2008年1月21日月曜日

Technology for Spam (Annoying Mails) 経済産業省の迷惑メ-ル対策案(2008-1-18)の暫定性
弁理士 佐成 重範 sanaripat@nifty.com Google検索SANARI PATENT
別サイト http://patentsanari.cocolog-nifty.com/blog/ 2008-1-20 浜松ホトニクスと島津製作所

1. 知財専門家と迷惑メ-ル
1-1 迷惑メ-ルには、出会い系や性薬品販売系、金融系などの業種別と、国内 発・中国発などの発信国別等、多様化かつ累増の趨勢が見られることは、今次案経済産業省の報告で明らかにされた。知財専門家がこれらの迷惑メ-ルに対する行動によって被害を受けることは考えられないが、メ-ルシステムの利用は活発化するから、受信メ-ル整理の煩瑣やアドレス複数化など、少なからず迷惑を蒙っていることは否めない。情報産業技術のイノベ-ションに貢献すべき立場からも、迷惑メ-ル対策の技術開発に協力する必要がある。
1-2 現在、迷惑メ-ルに対する法規制が一応存在するが、それがいかに有名無実のものであるか、今次経済産業省報告が率直に開示したことは、ICT社会の本質を知る契機として評価すべきである。
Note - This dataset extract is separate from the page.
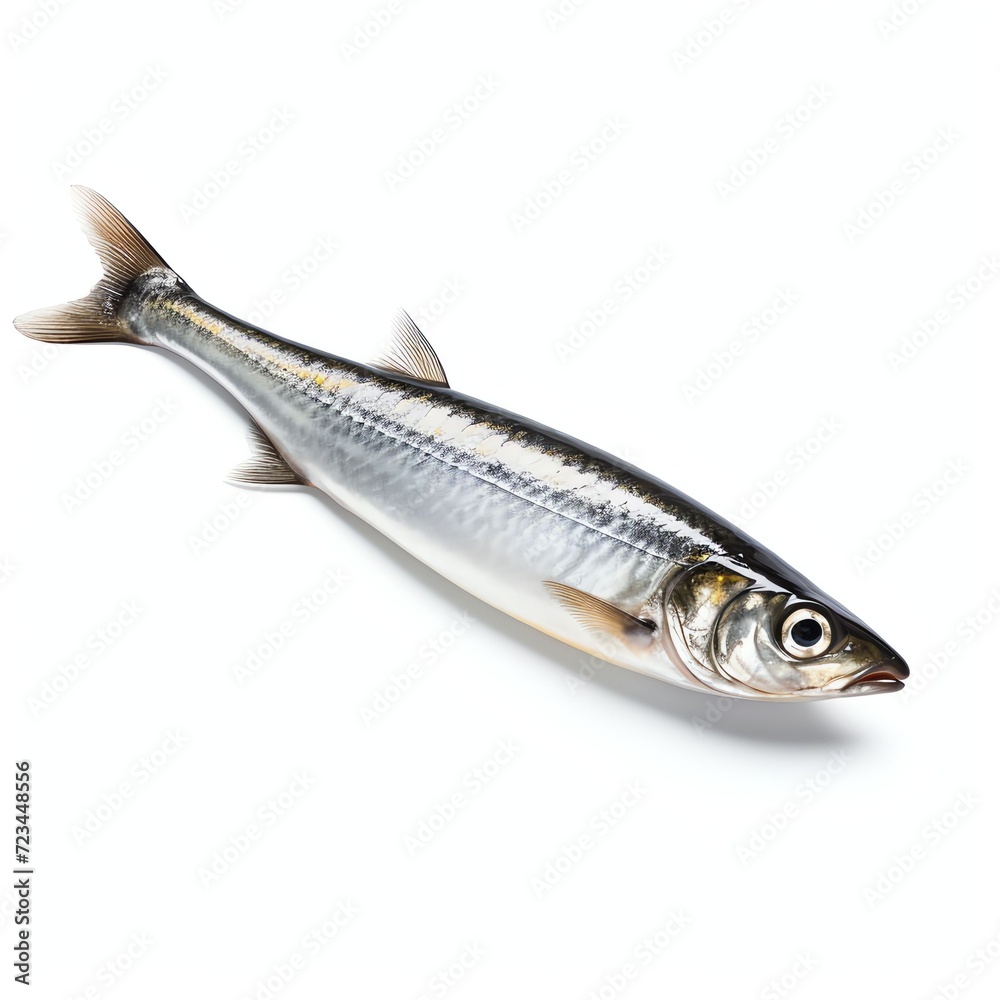 a sardine, studio light , isolated on white background, a sardine, studio light , isolated on white background,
2. 経済産業省「迷惑メ-ル規制に関する技術的論点WG中間とりまとめ」
  報告(2008-1-18)の内容を先ず要約するが、現行の法規制は「全く」というに近く実効性を欠くことが示されている。
2-1 現行の特定商取引法では、オプトアウト規制が定められた。これは、広告事業主が「事前に相手方から承諾または請求を得ずに送信するいわゆる未承諾広告メ-ルについては、「未承諾広告」を件名の冒頭に付して送信することを義務付けるものである。また、送信先から「広告メ-ルを送信して欲しくない」旨の返信があった場合には、再度送信することが禁止されている。
2-2 上記規制の施行後5年以上経過するが、上記「未承諾広告」の表示を欠くものが、モニタ-調査対象の99.3%を占め、法規遵守は1%未満である。
2-3 「送信をしないで欲しい」というメ-ルの発信については、この発信に関する表示を欠くものが84.8%を占め、表示に従って発信しても届かなかったものが5.6%で、結局、有効アドレスが表示されていたのは、9.6%に過ぎなかった。
2-4 再送信禁止規定に違反して、「メ-ルの送信を欲しない旨を通知したにもかかわらず」送信してきたという消費者の苦情も、年間1866件(2006年)に達した。

3. 海外経由迷惑メ-ル
多くの迷惑メ-ル広告主事業者やその配信事業者は、Internet Service Providerから利用契約を解除されても、別のProviderとの契約に切り替えたり、中国など海外経由で迷惑メ-ルを送信していると考えられる動きもあって、結局、迷惑メ-ルの増勢傾向が続いている。

4.対策
標題の報告は種々の対策を検討し詳述しているが、中間報告の段階でこれを精査する意味も少ないので、しばらくその推移を注視するほかない。

5. SANARI PATENT所見
  電話通信においては、「発信者電話番号表示」のシステムが開発され、この表示をしない発信者の発信に対して自動的に受信拒否できるシステムが開発され普及している。FAXについては、このような仕組みが開発されていないが、発信にコストを要することから、ある程度の抑制がある。メ-ルは送信コストが零に等しく、海外発を考えると刑罰の実効も期待し難いから、知財専門家も、技術的対策の構築に協力すべきである。